[ad_1]
Bernie Sanders plunges into civil war over the future of the Democratic Party, criticizing his “corporate” colleagues who blamed progressive politics for their string of losses in the 2020 election.
“With the blame game breaking out, corporate Democrats are attacking so-called far-left policies like Medicare for All and the Green New Deal for electoral defeats in the House and Senate,” Sanders wrote in an editorial for USA Today. “They are dead wrong.”
While Democrats will retain control of the House, their majority will shrink by at least six seats next year, making it the thinnest in decades. At the same time, Democrats have won just one Senate seat, where scrutiny rests on two January races in Georgia. If the Democratic candidates win those two races, they’ll get a 50-50 split, with Vice President-elect Kamala Harris able to vote for a tiebreaker.
BIDEN CHOOSES RONALD KLAIN AS HIS CHIEF STAFF AT MAISON BLANCHE
In the week after the election, Democrats passed the blame on who was ultimately responsible for mediocrity.
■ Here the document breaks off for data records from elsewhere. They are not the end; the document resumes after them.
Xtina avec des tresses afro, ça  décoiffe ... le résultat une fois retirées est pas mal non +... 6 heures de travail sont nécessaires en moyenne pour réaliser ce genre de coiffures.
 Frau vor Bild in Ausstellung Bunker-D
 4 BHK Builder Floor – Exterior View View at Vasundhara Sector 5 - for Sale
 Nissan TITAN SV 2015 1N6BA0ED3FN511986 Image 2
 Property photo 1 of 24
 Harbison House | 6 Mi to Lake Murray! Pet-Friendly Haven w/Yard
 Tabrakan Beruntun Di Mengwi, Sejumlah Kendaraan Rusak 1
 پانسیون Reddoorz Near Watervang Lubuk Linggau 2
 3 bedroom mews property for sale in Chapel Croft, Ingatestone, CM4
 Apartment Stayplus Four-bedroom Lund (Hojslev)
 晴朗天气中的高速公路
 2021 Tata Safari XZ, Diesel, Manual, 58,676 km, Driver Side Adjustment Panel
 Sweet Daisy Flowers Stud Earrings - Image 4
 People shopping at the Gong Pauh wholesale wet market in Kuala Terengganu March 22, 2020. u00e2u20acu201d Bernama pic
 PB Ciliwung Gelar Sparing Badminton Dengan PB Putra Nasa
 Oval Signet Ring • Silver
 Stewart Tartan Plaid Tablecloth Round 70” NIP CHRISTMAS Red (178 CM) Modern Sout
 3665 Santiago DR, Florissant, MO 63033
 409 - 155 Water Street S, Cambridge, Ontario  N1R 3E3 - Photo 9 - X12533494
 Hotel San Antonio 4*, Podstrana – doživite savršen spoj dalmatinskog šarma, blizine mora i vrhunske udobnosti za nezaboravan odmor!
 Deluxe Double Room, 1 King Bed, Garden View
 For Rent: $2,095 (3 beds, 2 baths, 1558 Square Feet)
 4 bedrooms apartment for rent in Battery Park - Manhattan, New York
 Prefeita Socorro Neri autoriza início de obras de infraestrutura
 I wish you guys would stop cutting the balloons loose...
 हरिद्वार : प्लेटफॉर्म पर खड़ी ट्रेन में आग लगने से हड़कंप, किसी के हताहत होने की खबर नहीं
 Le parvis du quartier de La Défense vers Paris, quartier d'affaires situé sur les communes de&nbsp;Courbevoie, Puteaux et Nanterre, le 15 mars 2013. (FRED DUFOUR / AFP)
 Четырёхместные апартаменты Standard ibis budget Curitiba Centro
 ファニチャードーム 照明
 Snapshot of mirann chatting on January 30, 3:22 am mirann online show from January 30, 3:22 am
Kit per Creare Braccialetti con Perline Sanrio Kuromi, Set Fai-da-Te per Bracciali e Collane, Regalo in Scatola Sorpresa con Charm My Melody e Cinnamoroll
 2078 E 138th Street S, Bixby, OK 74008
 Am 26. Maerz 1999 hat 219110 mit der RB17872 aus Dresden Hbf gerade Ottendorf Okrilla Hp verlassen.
The moderates pointed the finger at their colleagues who adopted the “movement to defound the police” and not to push back socialism harder.
But progressives have argued that these liberal policies help galvanize the party base and are popular among the general electorate – a sentiment that Sanders, a self-proclaimed democratic socialist, echoed.
Sanders, who ran for president in 2016 and 2020, noted that 112 Medicare-for-all co-sponsors were on the ballot last week and they all won their races. Ninety-eight Green New Deal co-sponsors were in contention, and only one lost.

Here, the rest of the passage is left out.